Every entry below should be returned exactly as it appears, with pictures left out.

(RECORD SET begins)

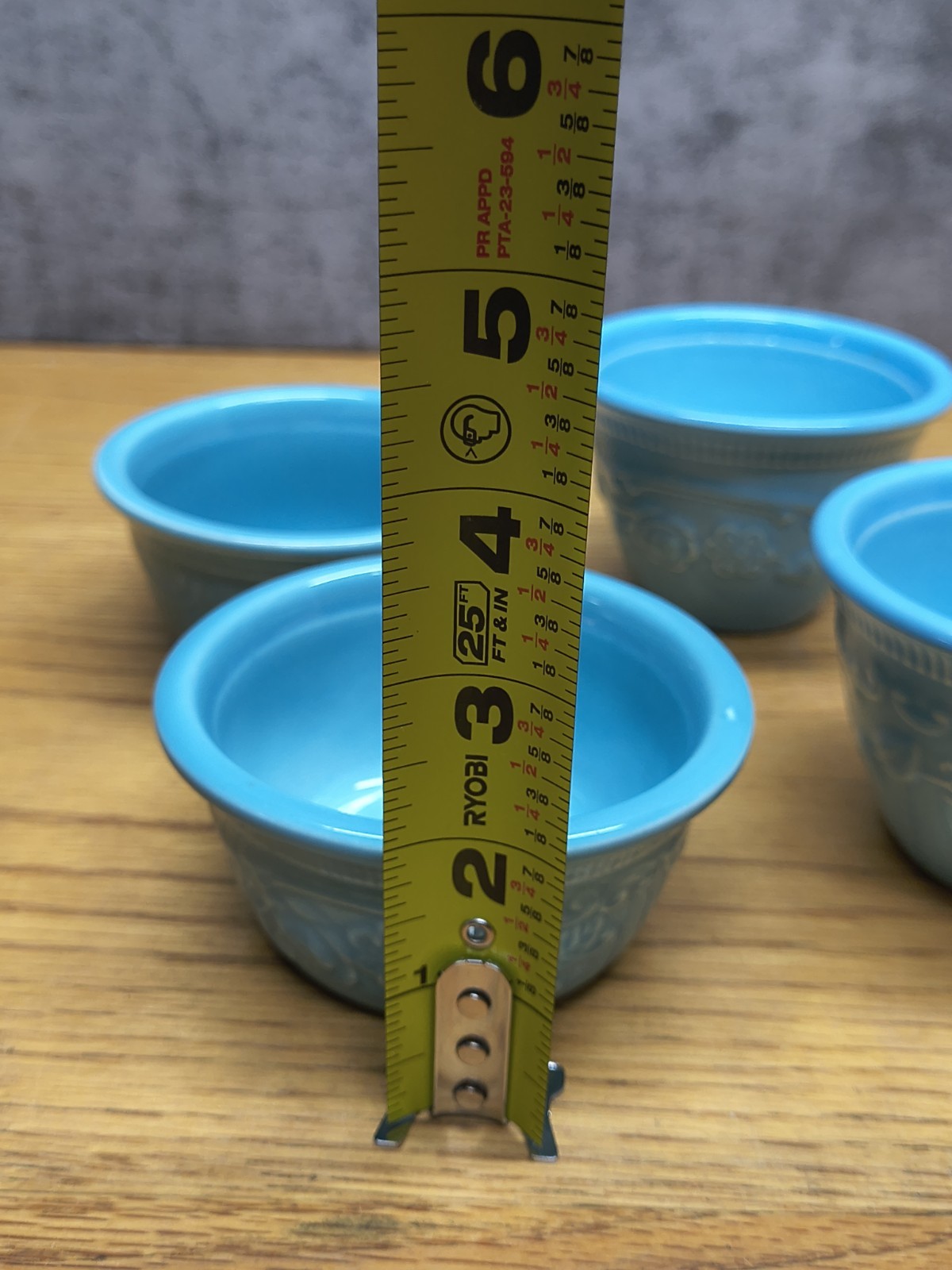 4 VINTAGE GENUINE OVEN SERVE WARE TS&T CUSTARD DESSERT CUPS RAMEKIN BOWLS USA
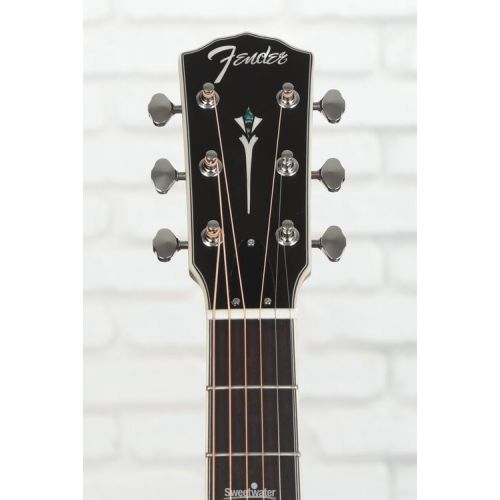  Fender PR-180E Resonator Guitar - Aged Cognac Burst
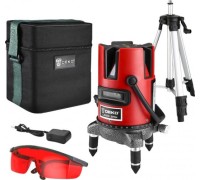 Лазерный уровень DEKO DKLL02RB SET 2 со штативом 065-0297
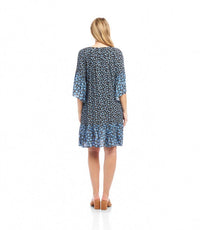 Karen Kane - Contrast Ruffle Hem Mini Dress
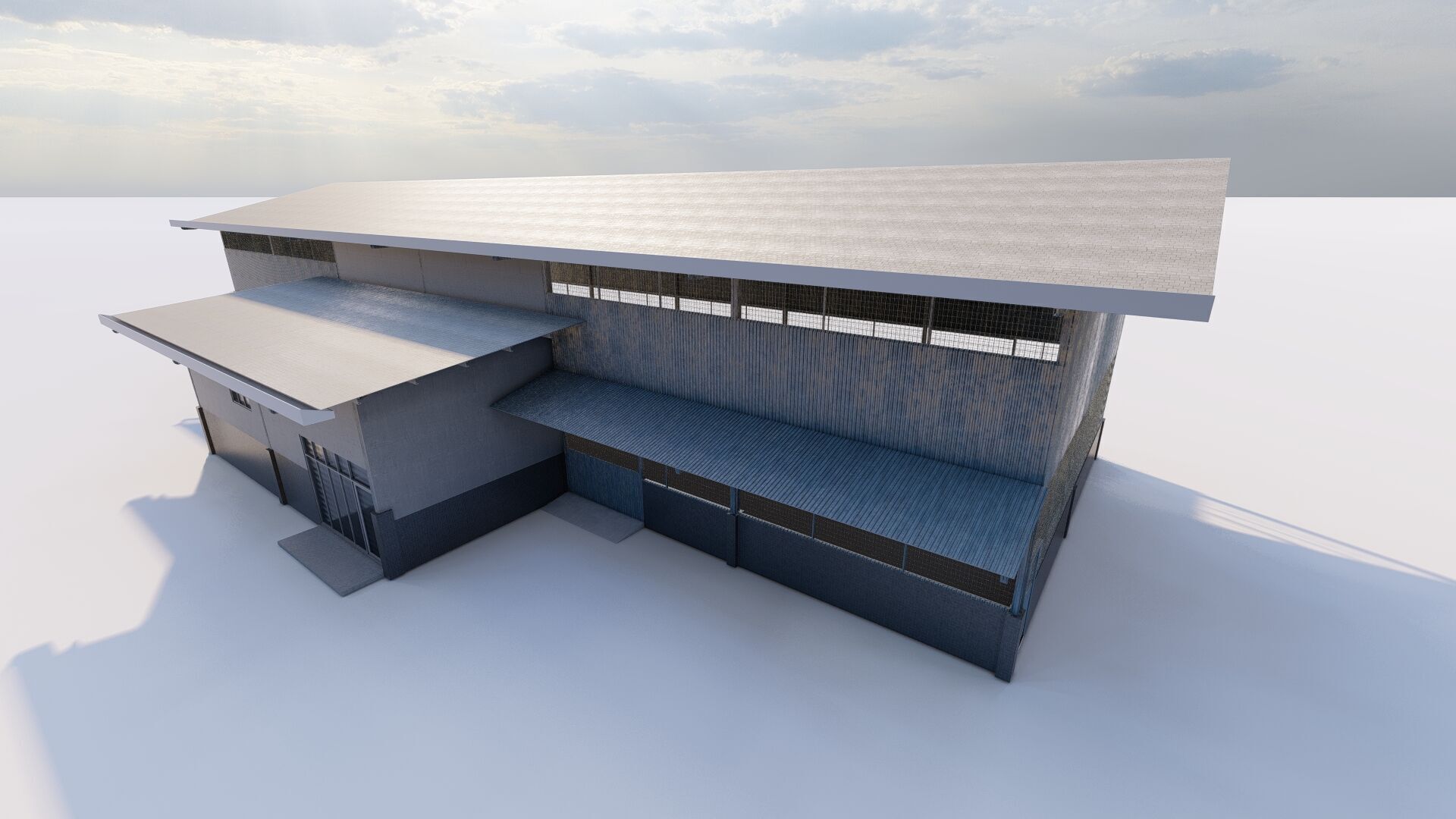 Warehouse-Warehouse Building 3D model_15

(RECORD SET ends)

▶ EXERCISE ANSWER
 4 VINTAGE GENUINE OVEN SERVE WARE TS&T CUSTARD DESSERT CUPS RAMEKIN BOWLS USA
  Fender PR-180E Resonator Guitar - Aged Cognac Burst
 Лазерный уровень DEKO DKLL02RB SET 2 со штативом 065-0297
 Karen Kane - Contrast Ruffle Hem Mini Dress
 Warehouse-Warehouse Building 3D model_15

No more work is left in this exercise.